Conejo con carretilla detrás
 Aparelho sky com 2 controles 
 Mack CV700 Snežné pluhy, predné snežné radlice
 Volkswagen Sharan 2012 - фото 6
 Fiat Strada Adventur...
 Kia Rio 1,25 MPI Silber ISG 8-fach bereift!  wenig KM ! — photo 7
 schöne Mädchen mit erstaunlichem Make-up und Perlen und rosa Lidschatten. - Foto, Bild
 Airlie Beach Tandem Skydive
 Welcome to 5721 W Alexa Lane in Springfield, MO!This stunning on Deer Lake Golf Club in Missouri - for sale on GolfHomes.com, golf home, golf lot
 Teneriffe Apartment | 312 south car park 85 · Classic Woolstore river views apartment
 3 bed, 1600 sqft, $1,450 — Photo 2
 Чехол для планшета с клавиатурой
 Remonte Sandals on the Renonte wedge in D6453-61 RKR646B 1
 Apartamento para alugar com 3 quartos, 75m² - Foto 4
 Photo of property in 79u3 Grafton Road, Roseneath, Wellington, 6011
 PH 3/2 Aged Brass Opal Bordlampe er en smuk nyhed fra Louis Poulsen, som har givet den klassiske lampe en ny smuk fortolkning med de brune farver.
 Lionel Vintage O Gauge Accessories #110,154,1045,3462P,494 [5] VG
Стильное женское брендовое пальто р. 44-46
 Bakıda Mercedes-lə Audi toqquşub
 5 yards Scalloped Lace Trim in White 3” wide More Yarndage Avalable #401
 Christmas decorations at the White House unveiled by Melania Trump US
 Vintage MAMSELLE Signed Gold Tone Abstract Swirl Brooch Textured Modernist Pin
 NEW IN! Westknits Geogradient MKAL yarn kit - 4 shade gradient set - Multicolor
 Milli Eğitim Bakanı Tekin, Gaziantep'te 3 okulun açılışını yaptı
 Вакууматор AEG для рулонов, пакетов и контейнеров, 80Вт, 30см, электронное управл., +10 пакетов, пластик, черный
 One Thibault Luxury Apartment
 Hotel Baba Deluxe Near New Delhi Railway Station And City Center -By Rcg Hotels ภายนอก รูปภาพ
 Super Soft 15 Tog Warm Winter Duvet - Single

# EXERCISE DESCRIPTION
What lines of the material above include "White"? Copy each one.

# TASK ANSWER
 5 yards Scalloped Lace Trim in White 3” wide More Yarndage Avalable #401
 Christmas decorations at the White House unveiled by Melania Trump US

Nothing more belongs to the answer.